The show attracted quite a crowd, including people who decided to pay their own kind of tribute.  In the 15 minutes before the show, I spotted several Hogwarts denizens, Indiana Jones, Superman, Yoda, and Film Classics Productions’ Bryan Ortiz and James Hartz (who, not entirely coincidentally, shot a 60-second remake of Jaws yesterday).  And I was even more impressed by the number of kids in the audience.  Buses full of students, parents with their children (many of them even younger than I was when I first heard Williams, and I was 5) – I loved seeing that.  I love that there are people who still care about introducing children to the arts, especially to the symphony.  And I wish more people supported that.

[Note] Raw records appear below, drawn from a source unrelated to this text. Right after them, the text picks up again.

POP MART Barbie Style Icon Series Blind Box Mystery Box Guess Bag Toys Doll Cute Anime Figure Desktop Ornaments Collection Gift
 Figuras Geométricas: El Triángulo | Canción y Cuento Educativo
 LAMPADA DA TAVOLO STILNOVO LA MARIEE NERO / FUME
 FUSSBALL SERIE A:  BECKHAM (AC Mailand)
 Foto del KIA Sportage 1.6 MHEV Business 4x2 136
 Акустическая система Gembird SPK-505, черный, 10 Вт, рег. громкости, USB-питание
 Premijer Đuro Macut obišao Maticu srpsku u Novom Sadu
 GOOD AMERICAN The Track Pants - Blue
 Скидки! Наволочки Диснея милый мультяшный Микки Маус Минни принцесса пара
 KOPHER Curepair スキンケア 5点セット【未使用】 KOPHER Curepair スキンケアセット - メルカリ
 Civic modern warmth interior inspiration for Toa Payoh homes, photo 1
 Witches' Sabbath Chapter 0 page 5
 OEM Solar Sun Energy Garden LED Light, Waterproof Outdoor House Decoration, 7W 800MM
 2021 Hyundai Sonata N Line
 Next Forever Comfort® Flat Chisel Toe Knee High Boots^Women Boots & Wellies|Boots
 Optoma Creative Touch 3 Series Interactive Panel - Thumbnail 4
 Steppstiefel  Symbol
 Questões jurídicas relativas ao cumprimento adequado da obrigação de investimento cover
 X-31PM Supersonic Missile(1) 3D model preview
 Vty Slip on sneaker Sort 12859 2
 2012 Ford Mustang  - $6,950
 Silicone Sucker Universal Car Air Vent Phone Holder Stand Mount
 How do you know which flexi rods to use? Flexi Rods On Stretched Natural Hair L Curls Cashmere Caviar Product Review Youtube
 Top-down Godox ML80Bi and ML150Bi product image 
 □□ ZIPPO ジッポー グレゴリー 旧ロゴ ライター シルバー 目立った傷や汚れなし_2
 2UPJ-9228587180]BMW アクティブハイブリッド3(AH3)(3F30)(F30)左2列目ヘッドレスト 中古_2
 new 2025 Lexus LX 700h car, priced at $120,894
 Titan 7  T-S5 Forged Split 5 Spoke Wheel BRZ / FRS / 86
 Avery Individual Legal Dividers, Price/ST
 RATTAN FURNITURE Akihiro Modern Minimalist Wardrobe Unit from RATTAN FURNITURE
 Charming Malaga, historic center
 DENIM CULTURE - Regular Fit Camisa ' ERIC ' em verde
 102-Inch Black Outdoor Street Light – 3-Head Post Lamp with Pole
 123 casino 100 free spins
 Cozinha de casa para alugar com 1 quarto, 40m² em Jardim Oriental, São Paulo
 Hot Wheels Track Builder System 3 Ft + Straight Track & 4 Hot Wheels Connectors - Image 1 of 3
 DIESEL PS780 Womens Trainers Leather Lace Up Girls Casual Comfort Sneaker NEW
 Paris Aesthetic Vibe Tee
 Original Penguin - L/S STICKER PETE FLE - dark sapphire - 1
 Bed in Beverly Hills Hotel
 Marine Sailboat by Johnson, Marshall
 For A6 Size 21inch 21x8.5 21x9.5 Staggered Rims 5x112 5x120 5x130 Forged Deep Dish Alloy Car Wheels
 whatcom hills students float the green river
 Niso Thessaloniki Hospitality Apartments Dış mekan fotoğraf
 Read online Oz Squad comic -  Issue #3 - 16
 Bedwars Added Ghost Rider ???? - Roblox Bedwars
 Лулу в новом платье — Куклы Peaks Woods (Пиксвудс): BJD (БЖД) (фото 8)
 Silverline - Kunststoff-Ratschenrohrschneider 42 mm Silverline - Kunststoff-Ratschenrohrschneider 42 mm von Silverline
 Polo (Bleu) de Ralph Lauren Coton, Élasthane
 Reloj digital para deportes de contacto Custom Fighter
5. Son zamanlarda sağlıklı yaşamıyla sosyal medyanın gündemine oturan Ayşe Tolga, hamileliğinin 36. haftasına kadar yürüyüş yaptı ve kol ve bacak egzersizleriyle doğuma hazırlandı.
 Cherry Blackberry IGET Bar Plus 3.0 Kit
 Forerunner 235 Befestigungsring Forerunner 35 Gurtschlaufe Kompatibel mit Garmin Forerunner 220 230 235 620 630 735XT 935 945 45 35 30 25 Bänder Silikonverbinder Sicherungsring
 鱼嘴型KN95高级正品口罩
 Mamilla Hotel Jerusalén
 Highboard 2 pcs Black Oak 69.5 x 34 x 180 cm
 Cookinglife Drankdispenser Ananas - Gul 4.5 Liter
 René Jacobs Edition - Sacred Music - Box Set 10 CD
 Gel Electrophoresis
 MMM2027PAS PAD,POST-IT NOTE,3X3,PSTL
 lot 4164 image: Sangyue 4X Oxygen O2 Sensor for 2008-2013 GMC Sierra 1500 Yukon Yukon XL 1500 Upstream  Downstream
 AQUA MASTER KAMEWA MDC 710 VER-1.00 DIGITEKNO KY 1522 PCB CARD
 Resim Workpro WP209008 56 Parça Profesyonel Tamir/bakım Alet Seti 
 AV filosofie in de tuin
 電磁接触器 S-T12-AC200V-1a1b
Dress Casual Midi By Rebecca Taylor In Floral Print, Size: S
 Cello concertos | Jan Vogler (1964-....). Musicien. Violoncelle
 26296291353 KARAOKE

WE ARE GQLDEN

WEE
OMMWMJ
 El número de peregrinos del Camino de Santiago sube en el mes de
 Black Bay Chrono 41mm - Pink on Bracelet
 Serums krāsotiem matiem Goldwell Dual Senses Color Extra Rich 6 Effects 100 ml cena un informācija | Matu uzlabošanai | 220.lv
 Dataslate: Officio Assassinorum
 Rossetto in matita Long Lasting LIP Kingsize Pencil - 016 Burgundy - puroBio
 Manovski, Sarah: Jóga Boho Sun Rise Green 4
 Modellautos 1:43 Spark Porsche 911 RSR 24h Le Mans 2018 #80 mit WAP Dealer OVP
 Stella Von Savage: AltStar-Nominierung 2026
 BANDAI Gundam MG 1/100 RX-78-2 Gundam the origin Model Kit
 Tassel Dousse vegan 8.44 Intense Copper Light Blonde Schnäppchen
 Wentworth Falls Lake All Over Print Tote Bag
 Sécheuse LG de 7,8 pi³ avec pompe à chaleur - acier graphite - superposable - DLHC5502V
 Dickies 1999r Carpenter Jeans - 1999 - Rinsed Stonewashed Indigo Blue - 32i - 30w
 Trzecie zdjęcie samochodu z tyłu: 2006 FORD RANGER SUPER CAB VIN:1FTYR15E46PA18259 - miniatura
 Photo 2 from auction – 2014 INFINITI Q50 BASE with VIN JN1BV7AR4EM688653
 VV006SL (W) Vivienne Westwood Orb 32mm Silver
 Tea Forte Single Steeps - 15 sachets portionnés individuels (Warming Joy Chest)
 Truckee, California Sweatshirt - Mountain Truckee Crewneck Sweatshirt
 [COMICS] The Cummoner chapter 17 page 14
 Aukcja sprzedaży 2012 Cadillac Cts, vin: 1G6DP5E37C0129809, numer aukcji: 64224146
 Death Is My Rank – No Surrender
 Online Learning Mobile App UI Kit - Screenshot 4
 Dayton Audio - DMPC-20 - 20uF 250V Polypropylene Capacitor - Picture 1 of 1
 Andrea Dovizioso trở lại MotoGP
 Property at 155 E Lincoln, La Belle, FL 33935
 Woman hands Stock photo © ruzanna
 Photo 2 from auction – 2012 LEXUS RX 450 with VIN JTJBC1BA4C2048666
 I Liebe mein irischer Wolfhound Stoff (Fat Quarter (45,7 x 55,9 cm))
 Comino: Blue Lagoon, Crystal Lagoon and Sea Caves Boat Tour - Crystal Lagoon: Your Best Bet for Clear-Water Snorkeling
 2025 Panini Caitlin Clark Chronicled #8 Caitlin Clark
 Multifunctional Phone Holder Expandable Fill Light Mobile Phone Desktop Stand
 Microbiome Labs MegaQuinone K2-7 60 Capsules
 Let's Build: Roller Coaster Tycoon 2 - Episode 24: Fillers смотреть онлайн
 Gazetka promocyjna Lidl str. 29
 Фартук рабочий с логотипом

Given that Williams’ career spans over half a century, it’s a challenge to try to sum that up in just two hours, but I thought the selections well chosen, from the opening Olympic Fanfare through the encore, the incomparable Raiders March.  In between, we were treated to selections ranging from the expected (E.T., Jaws, Superman, Schindler’s List, Harry Potter) to welcome surprises (1941, The Terminal, NBC Nightly News).  With each piece, the orchestra – conducted with a steady hand and a light touch by Michael Krajewski – rose to the occasion, capturing the spirit of the music so well that at times I could close my eyes and imagine Williams himself leading the way.

But it was Star Wars that brought most of us here, and it was Star Wars that brought all of us to our feet.  I wish I could come up with something more than “you had to be there”, but there really is no better way to put it.  It wasn’t just the experience of hearing that music live in all its glory.  It was the sheer joy everyone had in performing it, from the musicians to Krajewski to the cosplayers who showed up onstage to pay tribute to the characters we know and love.  When Darth Vader walks in and uses the Force Choke to take over conducting The Imperial March, you know you’re seeing something special.

It was an awesome evening, and one I don’t plan on forgetting.  If you were there, I hope you had as much fun as I did.  If you missed it, I hope you get a chance to see a performance in the near future.  This symphony deserves our applause, and not just for the one night.